“A dead language is more likely to be understood in exactly the same way in all times and places.” – The Trivium, Sister Miriam Joseph

While reading, I came upon this quote.  Inspiration struck.  Since a fundamental aspect of the current battle being waged between progressives and traditionalists is one of language, wouldn’t a neoreaction be aided immensely through the use of a language which is immutable? I can think of historical examples of languages which, though dead* within their cultures, remained relatively free of linguistic drift.  The best examples are the liturgical languages of the world’s major religions:

  • Classical Arabic – IIRC Muslims are obliged to read the Koran in the original language.
  • Latin – Used in the Catholic Church for centuries, its use for Mass has only recently faded.
  • Pali – In Theravada Buddhism
  • Koine Greek and Church Slavonic (among others) – In Orthodox Christianity
  • Sanskrit – In Hinduism** (although spoken in minor numbers)
  • Classical Hebrew – In Judaism
  • Classical Chinese – Confucian and Taoist texts

Imagine if a document such as the US Constitution was composed in Latin!  While I do admit that various translation errors could crop up, the necessity of studying Latin for constitutional lawyers could impose a strong(er) set of firewalls against legal activism.

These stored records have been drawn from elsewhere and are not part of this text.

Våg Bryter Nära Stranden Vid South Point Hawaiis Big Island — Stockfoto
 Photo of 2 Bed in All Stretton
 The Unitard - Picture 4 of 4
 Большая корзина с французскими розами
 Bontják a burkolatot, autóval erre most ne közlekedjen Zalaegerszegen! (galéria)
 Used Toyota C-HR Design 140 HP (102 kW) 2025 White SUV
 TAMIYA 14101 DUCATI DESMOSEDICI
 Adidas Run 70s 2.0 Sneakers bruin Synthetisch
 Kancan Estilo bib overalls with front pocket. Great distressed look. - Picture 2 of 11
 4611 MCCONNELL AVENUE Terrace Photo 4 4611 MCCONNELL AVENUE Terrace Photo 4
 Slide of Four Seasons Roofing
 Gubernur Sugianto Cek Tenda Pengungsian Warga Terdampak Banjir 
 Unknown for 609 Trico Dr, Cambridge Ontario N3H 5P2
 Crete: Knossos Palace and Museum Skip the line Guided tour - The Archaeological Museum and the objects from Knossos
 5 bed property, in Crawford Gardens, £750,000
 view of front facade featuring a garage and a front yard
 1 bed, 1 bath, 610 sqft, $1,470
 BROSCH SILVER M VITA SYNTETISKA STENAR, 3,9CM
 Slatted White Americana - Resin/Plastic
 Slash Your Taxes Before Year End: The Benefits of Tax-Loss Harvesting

“si bene moratae militie est necesse cujus securitati rei publicae, iure de populo custodire et arma ferre non erit infringere.” ***

Notes:

* There seems to be disagreement about whether languages still in use, actually die.  However, the point is made that there are no “native speakers” of Latin or Church Slavonic.

** Tamil, a very much alive language with over 70 million speakers is also used; furthermore, there appear to be a few tens of thousands of Sanskrit speakers in India.

*** U.S. Const. am. 2, hastily translated by Google Translate.  Maybe inaccurate, mea culpa.  It’s been half a decade since I’ve studied Latin.